South Korean defense minister Han Min-koo revealed this week that the country has a plan in place to assassinate North Korean dictator Kim Jong-un should the threat of nuclear weapons become too glaring.
“Yes, we do have such a plan,” Min-koo said in response to a question in parliament on whether South Korea had a special forces unit in place to deal with Jong-un. “South Korea has a general idea and plan to use precision missile capabilities to target the enemy’s facilities in major areas as well as eliminating the enemy’s leadership.”
For a country to have such a plan in place is not uncommon, though Min-koo’s bluntness in answering the question was said to have surprised some.

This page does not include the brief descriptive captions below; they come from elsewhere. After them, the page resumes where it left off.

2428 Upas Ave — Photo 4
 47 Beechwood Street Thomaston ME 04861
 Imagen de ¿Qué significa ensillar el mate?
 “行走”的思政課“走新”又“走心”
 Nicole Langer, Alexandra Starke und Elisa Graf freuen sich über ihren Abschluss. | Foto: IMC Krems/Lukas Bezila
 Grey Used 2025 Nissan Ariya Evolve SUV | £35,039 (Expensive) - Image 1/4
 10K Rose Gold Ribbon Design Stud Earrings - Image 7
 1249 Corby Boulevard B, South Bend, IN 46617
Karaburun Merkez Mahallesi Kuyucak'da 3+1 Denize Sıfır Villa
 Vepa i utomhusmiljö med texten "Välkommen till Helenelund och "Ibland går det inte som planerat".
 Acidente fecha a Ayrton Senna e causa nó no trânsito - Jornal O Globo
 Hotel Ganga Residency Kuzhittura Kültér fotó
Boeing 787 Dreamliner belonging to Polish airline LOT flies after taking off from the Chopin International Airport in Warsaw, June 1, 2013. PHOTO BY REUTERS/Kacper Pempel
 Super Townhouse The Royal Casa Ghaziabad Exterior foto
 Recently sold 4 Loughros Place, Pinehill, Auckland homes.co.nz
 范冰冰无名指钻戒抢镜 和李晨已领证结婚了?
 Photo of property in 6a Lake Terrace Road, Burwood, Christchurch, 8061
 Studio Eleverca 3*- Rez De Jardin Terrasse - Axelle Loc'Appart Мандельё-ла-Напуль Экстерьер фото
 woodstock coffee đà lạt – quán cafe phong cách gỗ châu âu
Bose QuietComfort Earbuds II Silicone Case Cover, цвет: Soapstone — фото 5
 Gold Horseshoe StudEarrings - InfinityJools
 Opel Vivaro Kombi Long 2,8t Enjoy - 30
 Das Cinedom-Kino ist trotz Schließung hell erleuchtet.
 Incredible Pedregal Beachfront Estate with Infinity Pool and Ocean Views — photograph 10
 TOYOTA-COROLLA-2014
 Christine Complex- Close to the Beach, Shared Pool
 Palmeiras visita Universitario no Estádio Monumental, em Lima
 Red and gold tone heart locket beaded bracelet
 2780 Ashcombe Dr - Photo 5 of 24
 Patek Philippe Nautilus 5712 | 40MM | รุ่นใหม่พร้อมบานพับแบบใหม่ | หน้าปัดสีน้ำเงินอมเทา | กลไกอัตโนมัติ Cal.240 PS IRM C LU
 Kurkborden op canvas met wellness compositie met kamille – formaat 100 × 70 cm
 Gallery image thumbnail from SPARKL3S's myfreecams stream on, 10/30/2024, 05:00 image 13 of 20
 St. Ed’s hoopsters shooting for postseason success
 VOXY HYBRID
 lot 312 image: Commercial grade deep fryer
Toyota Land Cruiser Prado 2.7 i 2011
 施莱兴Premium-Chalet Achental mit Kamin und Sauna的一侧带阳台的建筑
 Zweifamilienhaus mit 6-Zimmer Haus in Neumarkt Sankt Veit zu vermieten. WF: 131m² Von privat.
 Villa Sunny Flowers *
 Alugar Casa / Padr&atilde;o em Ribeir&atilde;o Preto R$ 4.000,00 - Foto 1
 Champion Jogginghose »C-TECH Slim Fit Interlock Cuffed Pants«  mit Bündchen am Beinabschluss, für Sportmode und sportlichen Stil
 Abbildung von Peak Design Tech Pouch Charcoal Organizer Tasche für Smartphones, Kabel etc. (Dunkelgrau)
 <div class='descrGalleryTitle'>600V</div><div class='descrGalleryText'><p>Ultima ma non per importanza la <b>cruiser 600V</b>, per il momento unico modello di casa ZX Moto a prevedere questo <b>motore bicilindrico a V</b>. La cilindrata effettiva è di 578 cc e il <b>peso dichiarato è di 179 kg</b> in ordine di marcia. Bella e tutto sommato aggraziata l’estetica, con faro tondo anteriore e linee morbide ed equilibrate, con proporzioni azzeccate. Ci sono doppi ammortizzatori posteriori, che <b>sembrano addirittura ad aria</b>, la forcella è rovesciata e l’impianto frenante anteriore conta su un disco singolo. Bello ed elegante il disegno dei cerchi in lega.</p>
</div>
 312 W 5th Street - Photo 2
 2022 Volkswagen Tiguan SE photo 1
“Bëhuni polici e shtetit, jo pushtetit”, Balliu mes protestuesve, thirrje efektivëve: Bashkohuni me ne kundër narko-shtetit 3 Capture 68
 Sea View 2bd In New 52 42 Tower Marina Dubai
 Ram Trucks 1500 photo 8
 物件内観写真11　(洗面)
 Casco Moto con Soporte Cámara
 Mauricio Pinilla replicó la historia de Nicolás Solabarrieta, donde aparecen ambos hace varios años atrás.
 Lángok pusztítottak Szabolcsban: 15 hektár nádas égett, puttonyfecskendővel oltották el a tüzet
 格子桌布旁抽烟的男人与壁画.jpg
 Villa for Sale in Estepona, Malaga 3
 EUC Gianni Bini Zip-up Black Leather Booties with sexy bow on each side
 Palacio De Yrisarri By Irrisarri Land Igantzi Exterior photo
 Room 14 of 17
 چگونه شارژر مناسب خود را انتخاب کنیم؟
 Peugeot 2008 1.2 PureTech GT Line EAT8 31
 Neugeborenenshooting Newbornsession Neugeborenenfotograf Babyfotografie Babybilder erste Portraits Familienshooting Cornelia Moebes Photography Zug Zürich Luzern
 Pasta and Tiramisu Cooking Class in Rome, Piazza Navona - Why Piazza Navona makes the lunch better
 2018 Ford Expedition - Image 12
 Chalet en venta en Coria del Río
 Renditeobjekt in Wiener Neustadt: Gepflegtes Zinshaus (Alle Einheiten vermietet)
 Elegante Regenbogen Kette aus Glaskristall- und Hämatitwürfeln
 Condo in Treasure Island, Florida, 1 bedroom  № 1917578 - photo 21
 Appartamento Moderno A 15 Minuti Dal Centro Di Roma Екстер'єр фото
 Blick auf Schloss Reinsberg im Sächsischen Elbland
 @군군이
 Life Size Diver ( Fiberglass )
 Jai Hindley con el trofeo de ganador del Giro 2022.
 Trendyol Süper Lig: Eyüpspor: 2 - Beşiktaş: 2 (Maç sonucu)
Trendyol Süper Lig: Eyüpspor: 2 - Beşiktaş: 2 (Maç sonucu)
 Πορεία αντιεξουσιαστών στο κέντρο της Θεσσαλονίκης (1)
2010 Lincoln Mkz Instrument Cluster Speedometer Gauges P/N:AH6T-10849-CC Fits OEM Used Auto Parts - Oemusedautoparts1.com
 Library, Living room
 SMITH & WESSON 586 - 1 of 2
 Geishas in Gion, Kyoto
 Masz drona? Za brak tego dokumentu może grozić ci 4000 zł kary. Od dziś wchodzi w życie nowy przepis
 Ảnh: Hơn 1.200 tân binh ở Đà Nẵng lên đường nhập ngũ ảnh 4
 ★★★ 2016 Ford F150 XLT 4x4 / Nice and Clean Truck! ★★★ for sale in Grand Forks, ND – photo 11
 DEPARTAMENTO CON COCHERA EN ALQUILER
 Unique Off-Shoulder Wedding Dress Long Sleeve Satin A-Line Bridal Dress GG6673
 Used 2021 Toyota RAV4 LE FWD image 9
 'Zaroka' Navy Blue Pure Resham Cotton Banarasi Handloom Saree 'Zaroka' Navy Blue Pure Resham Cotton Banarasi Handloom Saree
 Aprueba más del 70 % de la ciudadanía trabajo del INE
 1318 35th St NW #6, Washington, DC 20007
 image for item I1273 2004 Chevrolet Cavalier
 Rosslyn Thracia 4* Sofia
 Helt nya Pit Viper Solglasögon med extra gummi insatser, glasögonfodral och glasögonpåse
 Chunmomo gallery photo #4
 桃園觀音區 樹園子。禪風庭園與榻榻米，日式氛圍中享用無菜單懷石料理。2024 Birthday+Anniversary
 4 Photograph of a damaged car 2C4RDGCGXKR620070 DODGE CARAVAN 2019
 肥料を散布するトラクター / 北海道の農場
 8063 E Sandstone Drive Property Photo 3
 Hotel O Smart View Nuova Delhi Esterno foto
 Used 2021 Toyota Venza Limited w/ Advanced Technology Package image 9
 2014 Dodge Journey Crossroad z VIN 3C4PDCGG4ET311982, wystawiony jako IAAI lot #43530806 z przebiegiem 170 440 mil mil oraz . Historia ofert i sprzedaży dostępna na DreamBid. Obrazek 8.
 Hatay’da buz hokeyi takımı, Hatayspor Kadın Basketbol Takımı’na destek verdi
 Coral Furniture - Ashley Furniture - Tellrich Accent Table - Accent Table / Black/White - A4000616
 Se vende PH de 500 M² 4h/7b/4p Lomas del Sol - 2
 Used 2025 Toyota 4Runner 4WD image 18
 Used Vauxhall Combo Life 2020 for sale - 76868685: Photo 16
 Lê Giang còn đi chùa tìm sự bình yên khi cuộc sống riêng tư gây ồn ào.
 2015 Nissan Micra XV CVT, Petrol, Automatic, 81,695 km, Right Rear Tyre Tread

“A president would want to have the option,” Troy University’s Daniel Pinkston told CNN. “… Not presenting that to the president, not training for it and having that capability would be a mistake.”
The likelihood of a South Korean pushback intensified after North Korea’s claimed to have successfully tested a nuclear warhead on September 9. Just this week, it tested a rocket engine with the capability of firing an intercontinental ballistic missile.
Chief Director of Strategic Planning at the Joint Chiefs of Staff Leem Ho Young said earlier this month that South Korea’s Korea Massive Punishment & Retaliation (KMPR) system is in place if the country feels threatened by its neighbors in the north.
The system includes surgical missile attacks and special warfare units as well as a means for attacking North Korean leadership.